SparkJiao / llama-pipeline-parallel

A prototype repo for hybrid training of pipeline parallel and distributed data parallel with comments on core code snippets. Feel free to copy code and launch discussions about the problems you have encoured.
48 stars 2 forks source link

Question about "TiedLayerSpec" #8

Open xuanhua opened 1 hour ago

xuanhua commented 1 hour ago

Hi, @SparkJiao , I'm working on finetuning deepseek coder model (like 1b and 6.7b) based on model pipeline, as far as I know, it is based on the llama architecture. And this repo gives me great help. But as a beginner, I did not quite understand about the TiedLayerSpec which is provied by deepspeed library. And I saw you provide two get_model() function.

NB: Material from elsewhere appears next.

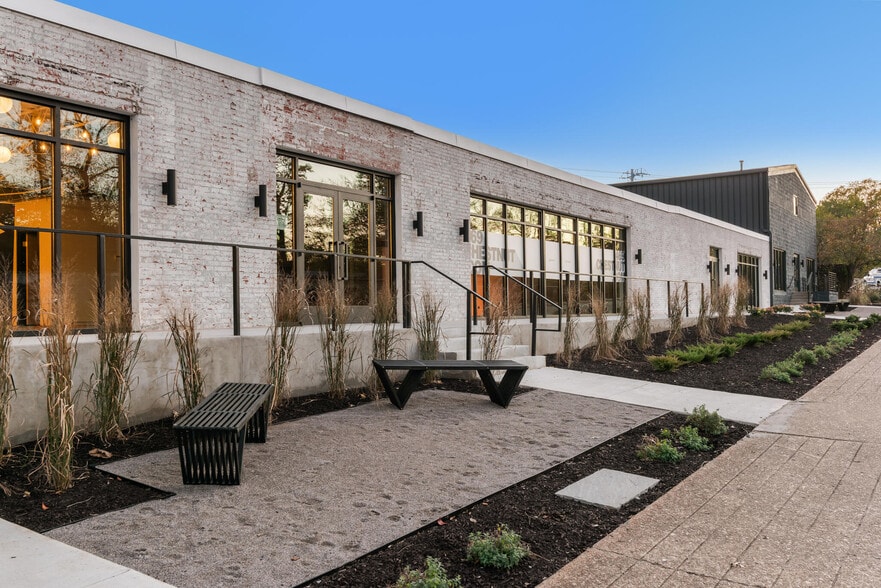 More Photos Of 469 Chestnut St, Nashville Freestanding For Lease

I just want to know which one should I use ?

def get_model(model):
    layers = [TiedLayerSpec("weight", EmbeddingPipeLayer, model=model, tied_weight_attr="weight"),
              *[LayerSpec(LlamaPipeLayer, model=model, layer_idx=idx) for idx in range(model.config.num_hidden_layers)],
              LayerSpec(FLNPipeLayer, model=model),
              TiedLayerSpec("weight", LMPipeLayer, model=model, tied_weight_attr="weight"),
              ]
    return layers
def get_layers_from_config(model_config, activation_checkpointing: bool = False):
    """
    `tie_word_embeddings` in LLaMA is set to `false`.
    """
    layers = [
        LayerSpec(EmbeddingPipe, model_config.vocab_size, model_config.hidden_size),
        # TiedLayerSpec("weight", EmbeddingPipe, model_config.vocab_size, model_config.hidden_size, tied_weight_attr="weight"),
        *[LayerSpec(ParallelTransformerLayerPipe, model_config, activation_checkpointing)
          for _ in range(model_config.num_hidden_layers)],
        LayerSpec(LayerNormPipe, model_config.hidden_size, model_config.rms_norm_eps),
        LayerSpec(LMLayerPipe, model_config.hidden_size, model_config.vocab_size, bias=False),
        # TiedLayerSpec("weight", LMLayerPipe, model_config.hidden_size, model_config.vocab_size, bias=False,
        #               tied_weight_attr="weight"),
        # LayerSpec(LossLayer),
    ]
    return layers

Expect your reply sincerely

SparkJiao commented 1 hour ago

I recommend using get_layers_from_config. I think there was a but when using get_model and I failed to fix it.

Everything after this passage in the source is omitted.